The counterargument from Trump loyalists was mainly to blame President Obama for failing to make the Iran deal binding. If it had been ratified as a treaty by a two-thirds vote of the Senate, the agreement would have been harder to depart. But Mr. Obama evidently believed that ratification was unattainable, unnecessary to ensure his successors’ compliance, or both. But what is done by executive action can be undone by executive action. America’s credibility, therefore, wasn’t on the line—even if Mr. Obama’s might have been.

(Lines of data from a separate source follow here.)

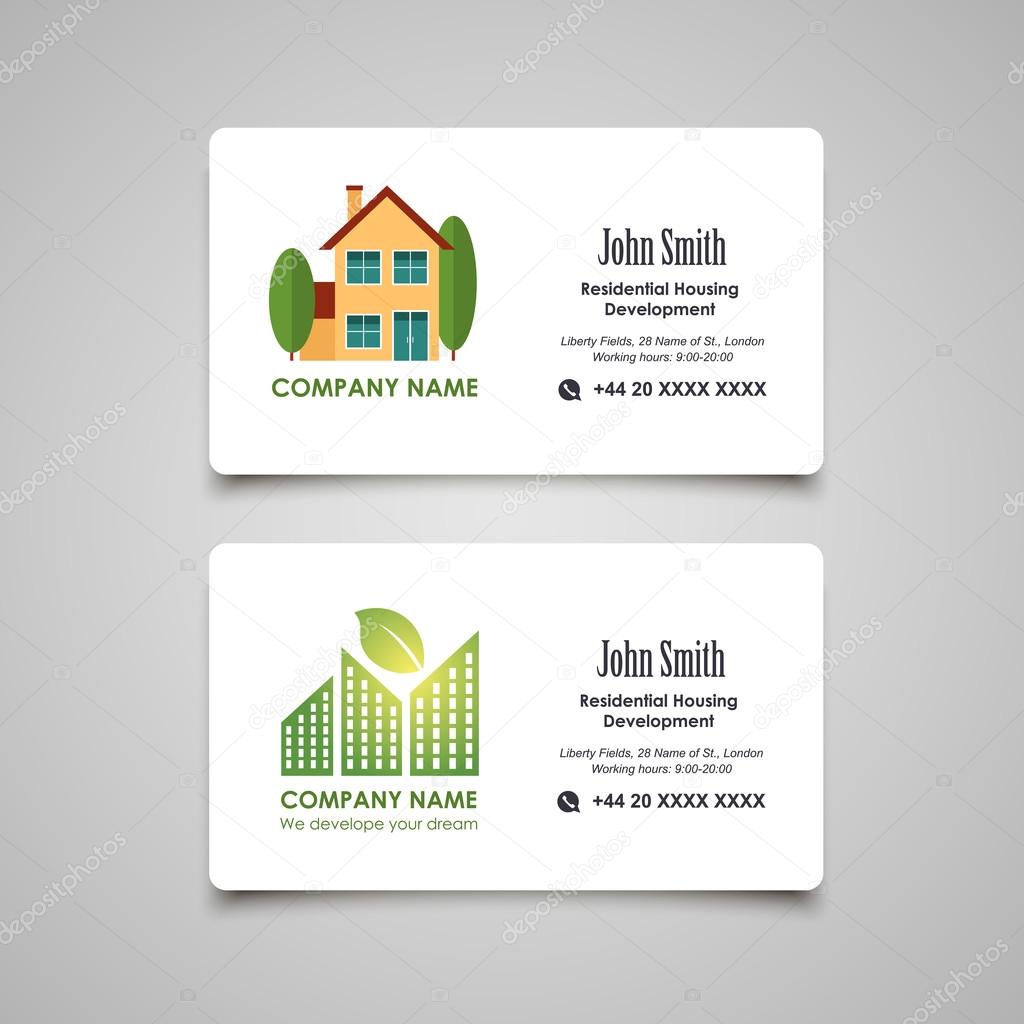 Residential housing developing card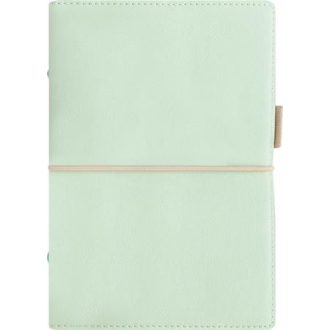   Kalendárium, gyűrűs, betétlapokkal, pocket méret, FILOFAX, "Domino" Soft", pasztellzöld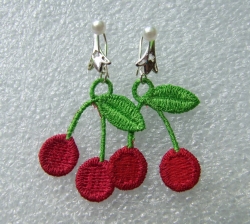 Stickdatei "FSL Ohrschmuck "Süße Früchte" - Set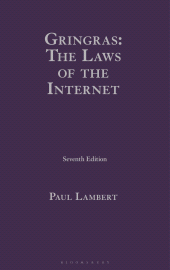 E-book, Gringras: The Laws of the Internet, Bloomsbury Professional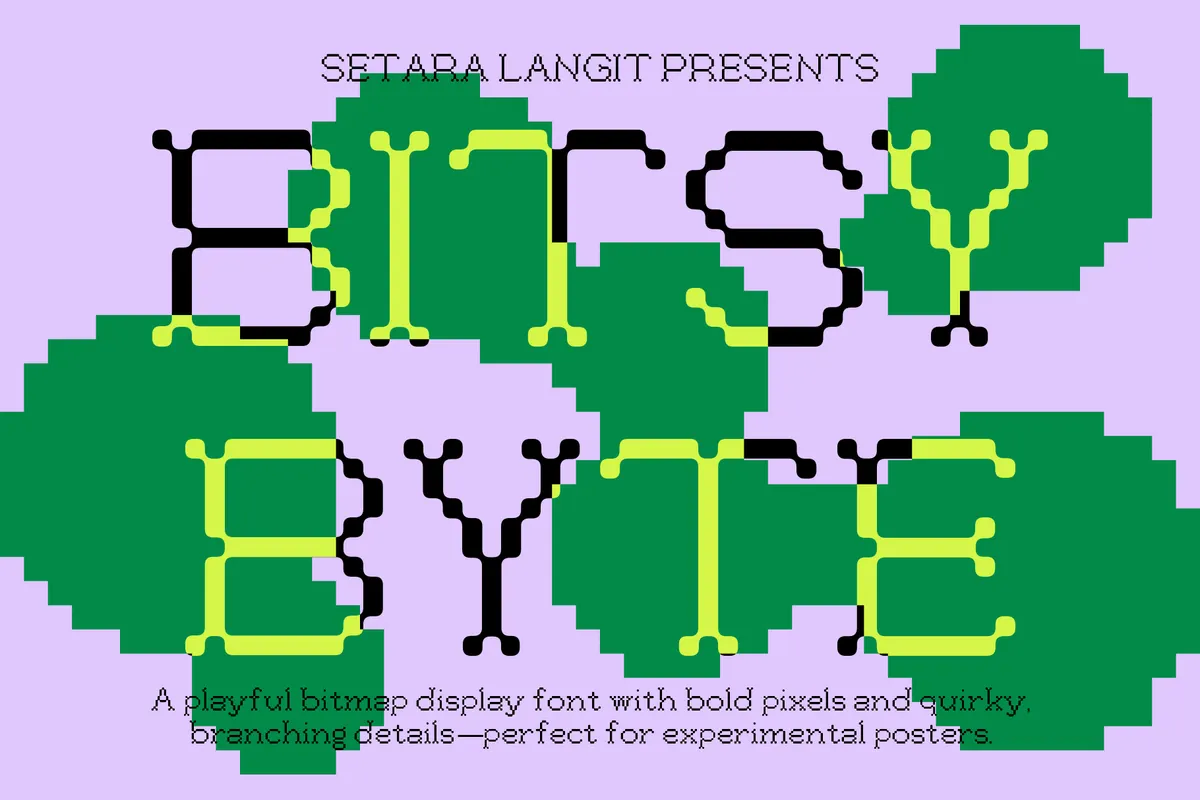 Bitsy Byte – Pixel Inspired Display Font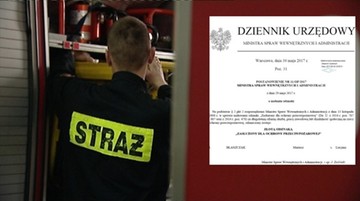 Szef MSWiA Mariusz Błaszczak odznaczył Mariusza Błaszczaka. Za zasługi na rzecz ochrony przeciwpożarowej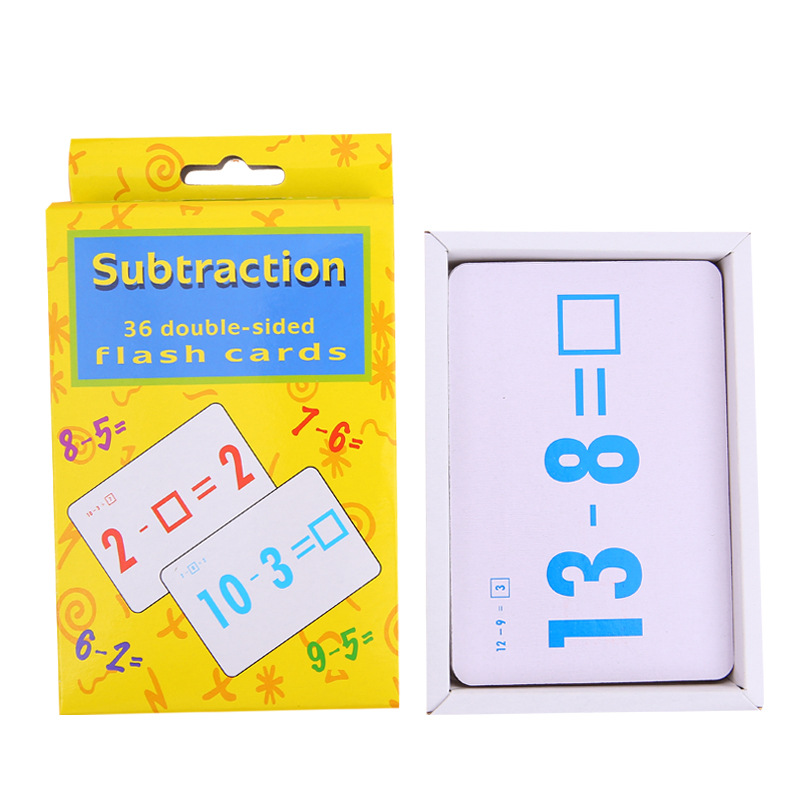 Børn læring legetøj pædagogisk flash matematik undervisningskort for addition subtraktion multiplikation division for 3-12 år gamle børn: Rød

There’s some truth in this, but it misses a more basic point. Mr. Trump campaigned against the Iran deal not in principle, but because he saw its terms as bad for the U.S. Even if you disagree, taking his criticism seriously shows why the high-stakes negotiations with North Korea all but required Mr. Trump to dump the Iran deal. If he had kept it in place notwithstanding his power to withdraw, Mr. Kim could seize on its provisions as the starting point for the coming negotiations. Why would Mr. Kim accept a worse deal for North Korea than what Iran had obtained? Leaving one bad deal still active would have established the precedent for another bad deal.
The fundamental problem with the Iran deal is that while it buys time, which is good, it seems to do so in the hope that Tehran will have a change of heart over the 15-year course of the agreement. That fits with Mr. Obama’s oft-expressed vision of history bending in a liberal arc. But the premise seems highly dubious. Moreover, as negotiations were wrapping up, Mr. Obama seemed if anything more eager than Iran to conclude a deal. The flurry of American concessions at the end of the process raised suspicions that better terms might have been possible.
Hence the “four pillars” for a better agreement that French President Emmanuel Macron put forward last month during his visit to Washington: First, make the restrictions on Iran’s nuclear programs permanent. Second, add more-intrusive verification measures. Third, address Iran’s ballistic-missile program (on which the current deal is silent). Fourth, find a way to curb Iran’s regional adventurism, including in Syria.
What would the public think if a North Korea deal allowed Pyongyang to resume its nuclear program after 15 years? And included inspection procedures that were inadequate to verify compliance? And stood silent on North Korea’s rapidly advancing ballistic-missile program? And provided Mr. Kim with billions of dollars upfront in sanctions relief and other assistance? That would be a dubious deal by any light, and would certainly be bad by Mr. Trump’s terms.
Mr. Macron sought more time to negotiate new terms with Iran, and the U.S. might well have granted it before withdrawing—except for the press of events with North Korea. Mr. Trump needed to repudiate the deal before it became an impossible hindrance for his North Korea negotiators, starting with Secretary of State Mike Pompeo.
Many of Mr. Trump’s critics have demanded to know what comes next with Iran, as if war were the only alternative. It isn’t. In the first place, the deal remains ambiguously in place even without the U.S. Iran hasn’t withdrawn yet, and its nuclear activities so far don’t seem to exceed what might be called ordinary cheating. This ambiguity may be fairly stable, as Mr. Macron plays “good cop” to Mr. Trump’s “bad cop.” France continues to seek progress on the “four pillars,” with the inducement that Iranian concessions could draw the Americans back in.
More broadly, if Mr. Trump is right that he can obtain better terms from Mr. Kim, then a North Korea deal could become the template for a reworked Iran deal. In that sense the future of Iran’s nuclear program may run through Pyongyang.